*** SOURCE MATERIAL Section Begins ***

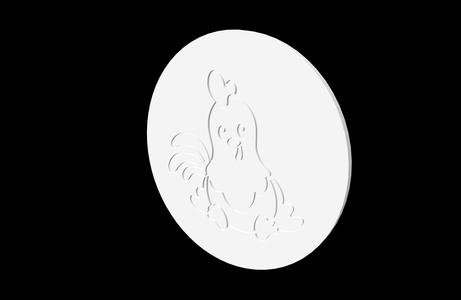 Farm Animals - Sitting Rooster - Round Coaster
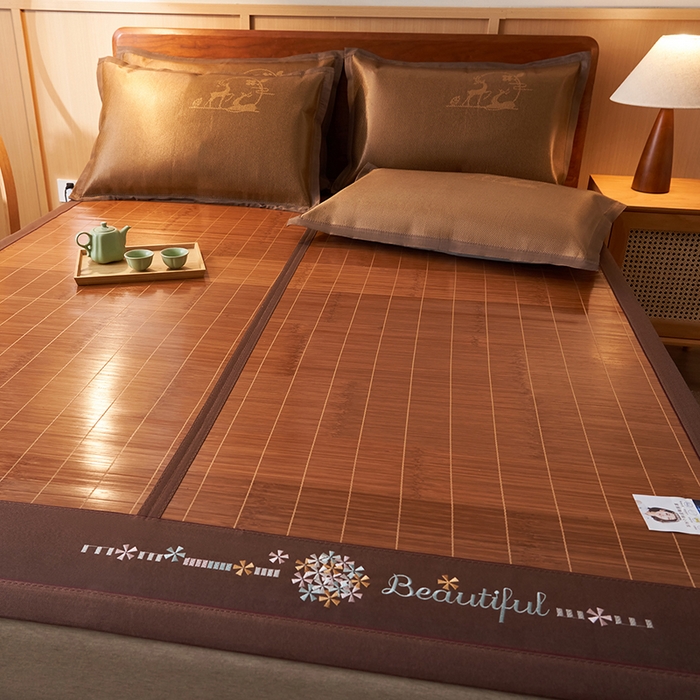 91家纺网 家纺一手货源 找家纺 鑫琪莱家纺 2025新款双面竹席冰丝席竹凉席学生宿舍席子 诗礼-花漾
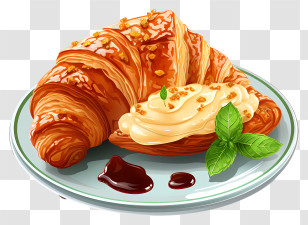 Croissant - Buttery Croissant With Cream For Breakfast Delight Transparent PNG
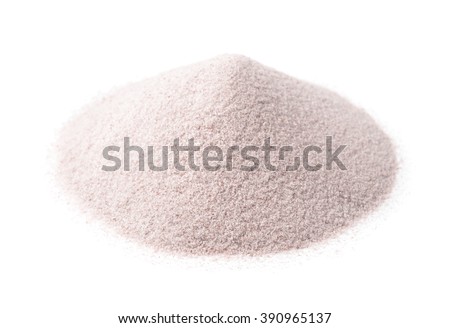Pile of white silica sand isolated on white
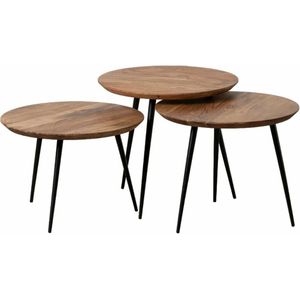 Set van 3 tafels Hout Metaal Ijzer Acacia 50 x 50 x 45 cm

*** SOURCE MATERIAL Section Ends ***

## [AIM OF THE EXERCISE]
Please return exactly, and only, the lines from the one containing "91家纺网 家纺一手货源 找家纺" through the end of the records, with both end lines kept and every picture dropped.

## [ANSWER SPACE]
 91家纺网 家纺一手货源 找家纺 鑫琪莱家纺 2025新款双面竹席冰丝席竹凉席学生宿舍席子 诗礼-花漾
 Croissant - Buttery Croissant With Cream For Breakfast Delight Transparent PNG
Pile of white silica sand isolated on white
 Set van 3 tafels Hout Metaal Ijzer Acacia 50 x 50 x 45 cm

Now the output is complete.